The slickly produced film was to be Toronto’s coming out party on screen as it did the unthinkable at the time: It let Toronto play itself. Kensington Market, The Annex, Union Station, Yonge Street, and other neighbourhoods were showcased in a Toronto film when the typical production was about providing tax breaks, and Toronto typically masquerading as Chicago or New York City. It was nspired by the style and visual flair of The Thomas Crown Affair, with the resourceful stranger-in-a-strange-land fantasy of The Wizard of Oz, as seen through the language barrier of a French Canadian heroine adrift in the seedier parts of the Big Smoke.

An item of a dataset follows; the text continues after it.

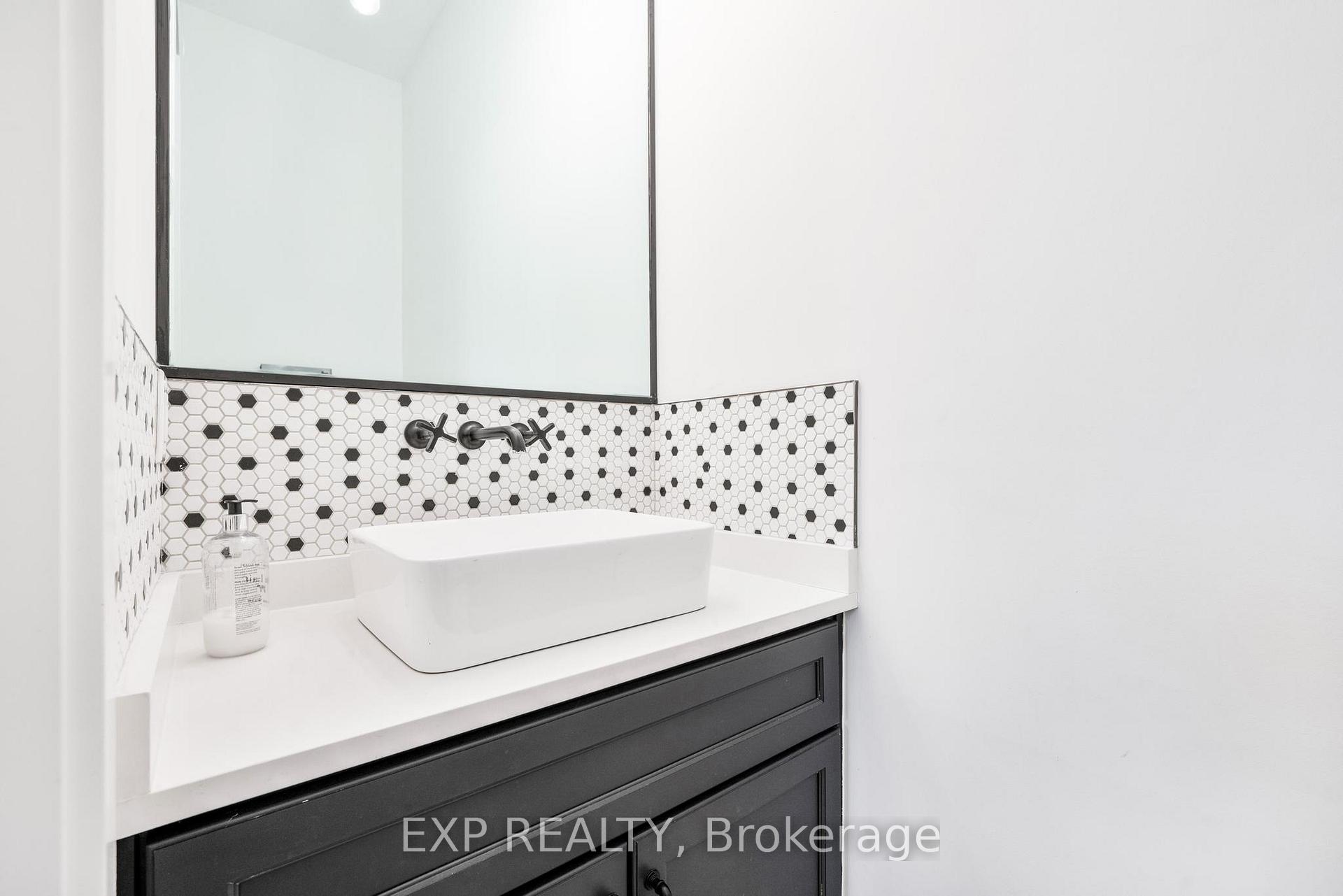 Photo 10 of 50 Grandville Circle, Brant, Paris — HOMEH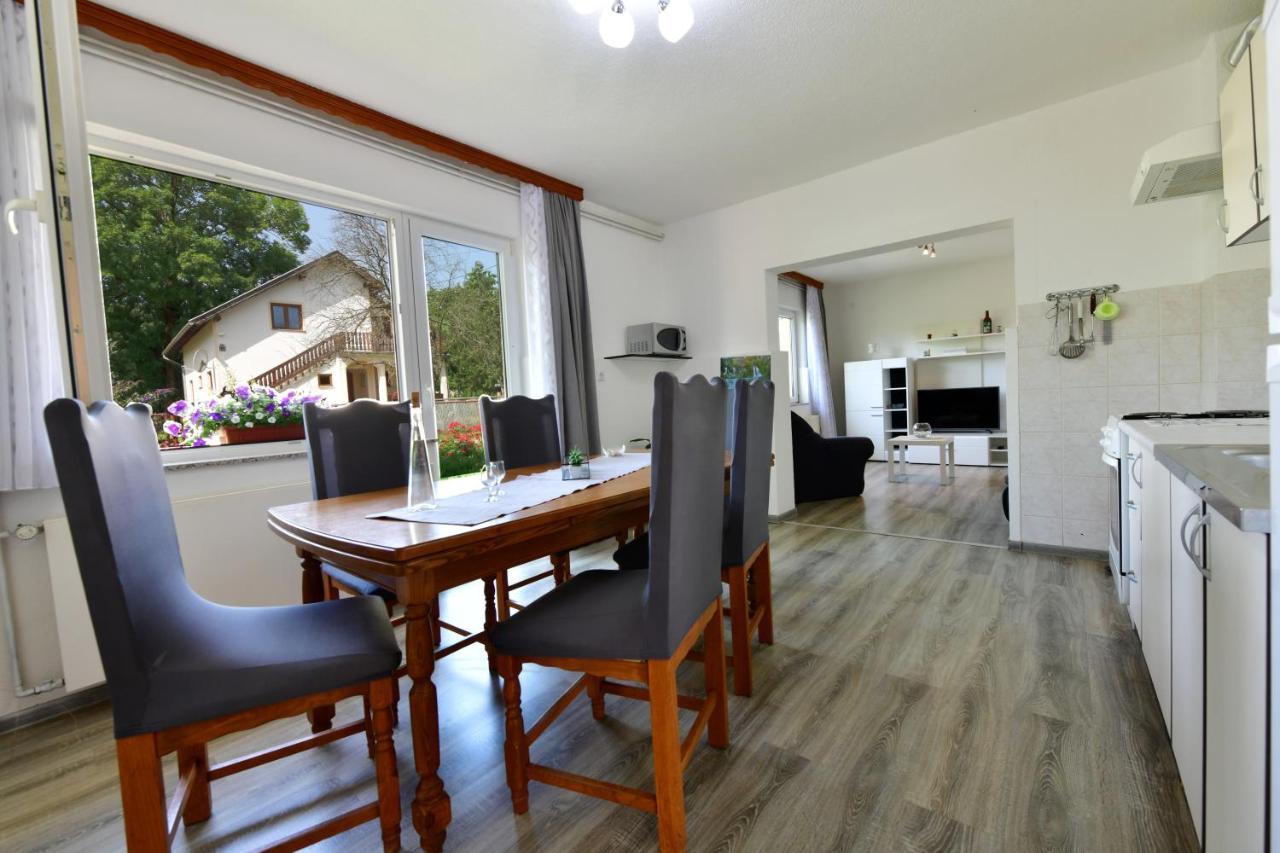 Apartman Dorijan Rakovica Kültér fotó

The film was poorly received, and instantly forgotten in spite of the money invested. It was eventually dumped directly to video some time after. It probably made the rounds on First Choice / Super Channel, Canada’s low rent HBO at the time. But its commercial fate was not the real tragedy here.
 
As McDonald essays in Claire’s Hat, the film was a testament to his own failure of artistic judgement, and commitment to his principles and instincts, in the foolhardy pursuit of Hollywood hubris. The passive-conflict with Robert Lantos, who was asking for a different picture than was originally conceived, was the crux of the matter. The producer and money man did not get the personal, romantic, character-driven piece that the director was aiming for. This disconnect unravelled the film, like a loose string pulling a sweater undone, slowly, inevitably altering the final form.
 
In a punk rock act in keeping with the director of Road Kill, Hardcore Logo, and Highway 61, McDonald stole all of the footage, in a modern day cinema-heist, and retreated with some friends and his editor to a cottage in Bark Lake, Ontario. With the help of a teepee and a generator, he recut the film as a kind of self-flagellating, free-styling essay. The result is a feature that is equal parts poetic and pragmatic criticism, that exists somewhere on the spectrum between F for Fake and Irma Vep, but registering in its own kind of Canadian humility and pragmatism. 
 
It also restores the original title, Claire’s Hat, to this confessional funhouse mirror of the original, while offering a post-mortem on youth and ambition and selling out. McDonald has a lot of fun with irony, flights of fancy, and watching the original spirit of the film — a wispy romantic vision of a French-Canadian dream girl dancing on the moon — slip from his fingers.
 
There is an extended tap dance of clap boards, a bit of art-house suffering through, a long single take of Juliette Lewis eating her lunch in a bathroom, and technical ruminations about how to do a good insert of a McGuffin vs capturing the magic on an actors face. (There is also explaining comically, why the title had to be changed in the first place.) This is playful experimentation and having self-deprecating fun with the creative process versus the ruthless efficiency of the big budget commercial endeavour.

 
But the topper is escalating the passive-aggressive on-set drama, comedy, and ridiculousness that can often barnacle onto any Hollywood machine. An ongoing thread binding the film together is the (possibly apocryphal) back and forth between actor Callum-Keith Rennie and Robert Lantos.
 
Rennie may have had an affair with significant other shortly before shooing began. Lantos made it a point to way underpay him on a picture with a sizeable budget. Rennie would silently mouth his lines as protest, so he would get extra pay for the ADR recording. Lantos paid him this fee in “Loonies” ($1 Canadian coins). Rennie would then use the Loonies to hire panhandlers to howl outside Lantos’ house to harass him at wee hours in the morning.
 
McDonald has a field day of grafting his own inner conflict and feelings onto the actual plot of film, which he feels the plot was the enemy of feeling. He reframes scenes as warnings, or reminders, of mistakes made. He spins an elaborate metaphor which equates Juliette Lewis’ title character, who doesn’t speak the local language, to himself, the lost director trying to make both art and a calling card, while Gina Gershon’s femme-fatale character is the absentee, cynical producer, and Callum-Keith Rennie is either the eventual big money distributor to be, or well, simply Satan.
 
Even though Picture Claire was edited only a short time after the film’s original festival debut, it has a certain ‘wisdom-of-distance’ that is a gift to filmmakers or aspiring ones, or any collaborative artist who has felt a project go off the rails. Bruce cannot put it more bluntly, “I fucked up my own movie!”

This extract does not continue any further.